La rémunération du gérant de SARL est une question en apparence simple, mais qui demeure à l’origine d’un contentieux abondant et récurrent. Les décisions rendues récemment par la chambre commerciale de la Cour de cassation s’inscrivent dans une ligne jurisprudentielle constante, tout en adressant un message clair aux juridictions du fond : la tentation de statuer en équité ne saurait pallier l’absence de décision sociale régulière.
Derrière ces décisions se dessine une conception rigoureuse du droit des sociétés, fondée sur la primauté de la volonté sociale formalisée et sur le refus d’une appréciation subjective de la situation du dirigeant.
I. Une compétence strictement réservée aux associés
Le Code de commerce est silencieux sur les modalités concrètes de fixation de la rémunération du gérant de SARL. Pour autant, la jurisprudence a très tôt comblé ce silence en affirmant un principe désormais bien établi : la rémunération du gérant relève exclusivement de la compétence des associés, soit par les statuts, soit par une décision collective.
Cette solution, aujourd’hui rattachée à l’article L. 223-18 du Code de commerce, emporte plusieurs conséquences fondamentales :
- la rémunération ne peut être unilatéralement fixée par le gérant lui-même ;
- elle ne peut résulter d’un usage, d’une pratique ou d’une tolérance ;
- elle doit pouvoir être rattachée à une décision identifiable de la collectivité des associés.
La Cour de cassation admet, de manière pragmatique, que cette décision puisse être implicite ou même postérieure à l’exercice concerné.

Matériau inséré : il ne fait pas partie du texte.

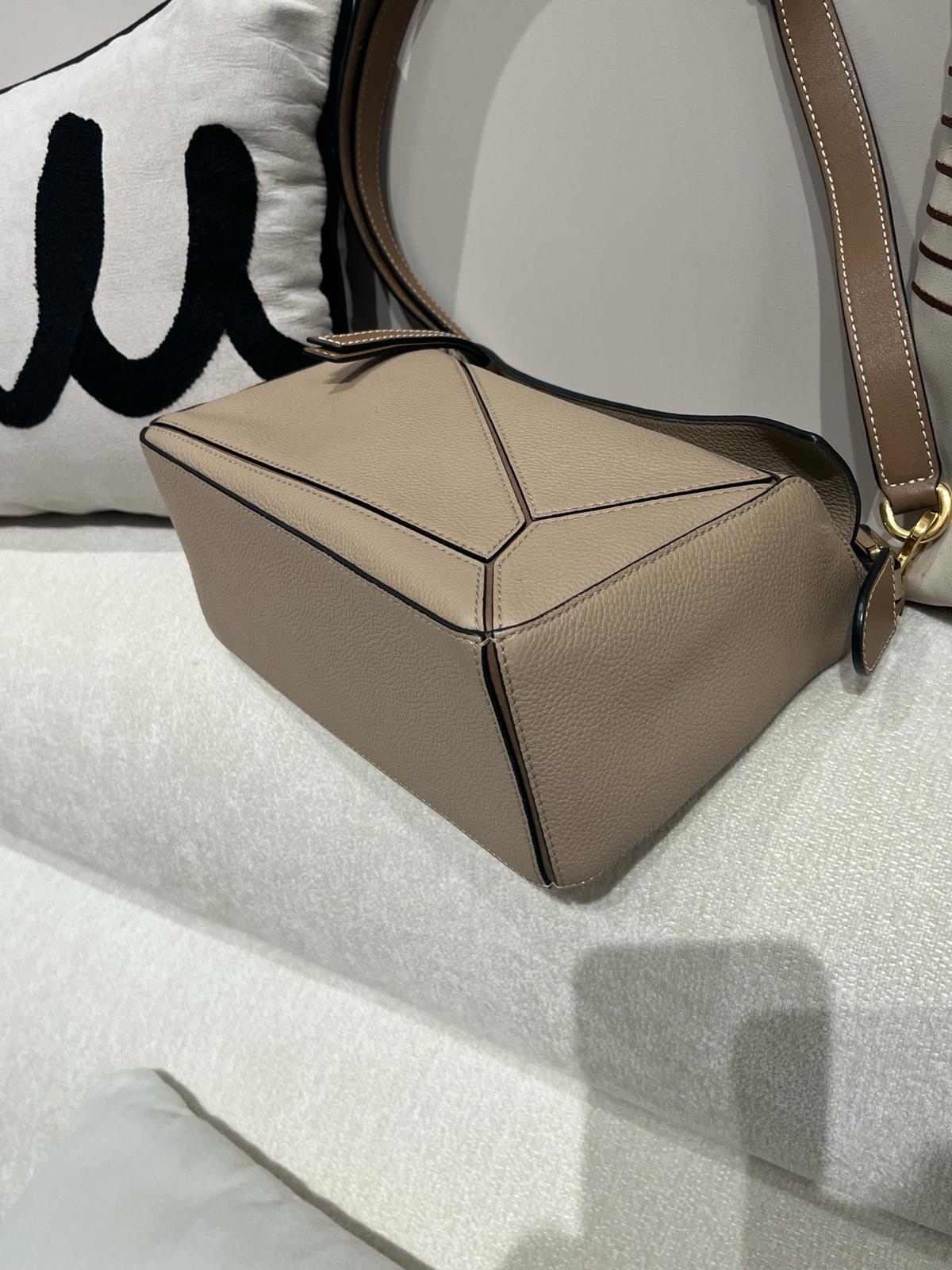 Loewe Puzzle Small Sand 100%Authentic, 98%New ✅Dust bag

Mais cette souplesse connaît une limite infranchissable : l’existence même d’une décision sociale.
II. Le rejet constant des raisonnements fondés sur l’équité
Les décisions commentées illustrent une dérive régulièrement observée devant les juridictions du fond : face à un gérant manifestement investi, ayant consacré du temps et parfois renoncé à une autre activité professionnelle, les juges sont tentés de valider a posteriori une rémunération irrégulièrement perçue.
La Cour de cassation s’y oppose fermement.
Ni l’absence de faute de gestion,
ni l’approbation des comptes,
ni le vote des résolutions relatives au résultat,
ni même l’utilité économique du dirigeant
ne peuvent suppléer l’absence d’une décision fixant la rémunération.
Ce rappel est fondamental : le droit des sociétés n’est pas un droit de la compensation morale. Il repose sur des règles de compétence et de forme destinées à protéger tant la société que les associés, y compris contre les dérives paternalistes.
III. L’approbation des comptes : une confusion fréquente mais dangereuse
L’un des apports majeurs de ces décisions réside dans la clarification d’un malentendu persistant : l’approbation des comptes ne vaut pas approbation de la rémunération du gérant.
Il n’est pas rare que des associés – ou des juridictions – considèrent que le quitus donné au dirigeant, ou le vote unanime des résolutions financières, emporte validation globale de la gestion, y compris de la rémunération.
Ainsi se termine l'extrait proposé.